Day of hesitation costs people's lives: Zelenskyy on slowing down aid to Ukraine
Understanding the price Ukrainians are paying requires not only political will, but also a deeper understanding of the consequences
President of Ukraine Volodymyr Zelenskyy said this in an interview with The Guardian.
He stressed that it was too early to write Ukraine off and that he remained positive despite all his disappointments.
“I’m not in despair at all … I don’t feel like we are on a sinking ship which is going to the bottom. We are not shouting ‘save us’” the president said.
However, Zelenskyy is calling on allies to be more urgent, focusing on the intensification of the Russian army's offensive, particularly in the Kharkiv region.
A few hours after the interview, the US administration authorised Ukraine to use some US weapons against targets in the Russian border area around Kharkiv.
"It is a permission that may have been more useful three weeks ago, when Ukrainian intelligence could first see Russian troops gathering across the border in preparation for the assault. This sense of decisions being taken long after Ukraine needed them has been a recurring motif of western policy making over the past two years, and one that has caused much frustration," the publication writes.
Zelenskyy stressed that Ukrainians have a completely different attitude to time: "We feel this price more painfully than our partner countries, because no one in their families died. And I thank God for that. But you don't know what war is until it comes to your house, to your street.
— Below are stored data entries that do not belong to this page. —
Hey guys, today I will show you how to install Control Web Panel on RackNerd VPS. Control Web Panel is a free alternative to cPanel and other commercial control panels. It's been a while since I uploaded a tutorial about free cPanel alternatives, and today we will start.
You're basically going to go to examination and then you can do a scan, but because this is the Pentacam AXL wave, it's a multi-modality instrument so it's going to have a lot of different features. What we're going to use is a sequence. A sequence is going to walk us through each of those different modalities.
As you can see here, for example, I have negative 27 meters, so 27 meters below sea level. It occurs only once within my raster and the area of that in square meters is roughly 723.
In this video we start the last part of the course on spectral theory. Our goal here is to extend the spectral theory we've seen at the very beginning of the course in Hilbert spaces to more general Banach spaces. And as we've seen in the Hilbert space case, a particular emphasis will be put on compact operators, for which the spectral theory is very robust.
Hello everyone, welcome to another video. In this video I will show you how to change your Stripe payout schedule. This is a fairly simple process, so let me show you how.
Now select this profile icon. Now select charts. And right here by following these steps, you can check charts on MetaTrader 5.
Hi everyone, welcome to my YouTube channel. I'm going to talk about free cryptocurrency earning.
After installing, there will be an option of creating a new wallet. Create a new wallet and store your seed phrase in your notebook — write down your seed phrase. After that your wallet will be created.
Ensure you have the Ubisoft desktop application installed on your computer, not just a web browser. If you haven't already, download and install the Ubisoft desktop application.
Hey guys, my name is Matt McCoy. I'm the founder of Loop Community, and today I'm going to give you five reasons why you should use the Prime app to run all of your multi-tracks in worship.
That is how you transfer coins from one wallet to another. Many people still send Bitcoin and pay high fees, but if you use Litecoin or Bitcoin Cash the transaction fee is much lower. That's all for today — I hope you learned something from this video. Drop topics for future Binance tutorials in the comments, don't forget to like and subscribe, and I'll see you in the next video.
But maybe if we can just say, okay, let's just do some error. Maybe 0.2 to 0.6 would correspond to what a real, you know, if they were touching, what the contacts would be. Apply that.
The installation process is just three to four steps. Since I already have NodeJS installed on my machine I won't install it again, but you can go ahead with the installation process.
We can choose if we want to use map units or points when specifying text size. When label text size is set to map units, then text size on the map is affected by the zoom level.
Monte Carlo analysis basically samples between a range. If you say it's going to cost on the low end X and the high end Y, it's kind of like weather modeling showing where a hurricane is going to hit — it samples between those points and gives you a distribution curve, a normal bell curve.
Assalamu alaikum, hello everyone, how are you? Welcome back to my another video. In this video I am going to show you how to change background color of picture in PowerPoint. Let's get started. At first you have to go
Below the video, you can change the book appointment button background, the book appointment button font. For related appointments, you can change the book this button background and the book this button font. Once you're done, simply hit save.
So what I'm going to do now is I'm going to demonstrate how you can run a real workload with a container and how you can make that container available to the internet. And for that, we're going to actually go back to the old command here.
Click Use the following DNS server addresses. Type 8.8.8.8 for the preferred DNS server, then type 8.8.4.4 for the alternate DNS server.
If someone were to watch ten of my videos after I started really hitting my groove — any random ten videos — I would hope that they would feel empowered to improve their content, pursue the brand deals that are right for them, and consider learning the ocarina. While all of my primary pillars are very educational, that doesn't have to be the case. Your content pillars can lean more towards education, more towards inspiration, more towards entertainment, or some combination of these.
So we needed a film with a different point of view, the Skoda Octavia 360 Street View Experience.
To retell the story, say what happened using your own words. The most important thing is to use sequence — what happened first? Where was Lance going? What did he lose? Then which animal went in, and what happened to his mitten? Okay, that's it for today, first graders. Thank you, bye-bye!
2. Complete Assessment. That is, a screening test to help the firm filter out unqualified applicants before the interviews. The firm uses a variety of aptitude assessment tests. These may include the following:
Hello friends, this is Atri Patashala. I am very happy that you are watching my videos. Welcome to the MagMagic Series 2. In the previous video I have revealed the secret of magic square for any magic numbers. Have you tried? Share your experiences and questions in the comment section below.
Your friend, someone you studied with, or someone you knew, or someone you loved."
The Guardian journalists write that Zelenskyy has a long track record of trying to bring the reality of war to life for foreign bureaucrats who follow it on maps or in the news.
"Sometimes, to understand the price that we are paying, you don’t need just a political will, but also a deeper understanding of the consequences. You have to understand that a day of contemplating, day of decision-making, day of dialogues … takes people’s live," the president said.
- US Secretary of State Antony Blinken confirmed that President Joe Biden had secretly authorised Ukraine to strike targets in Russia with US weapons.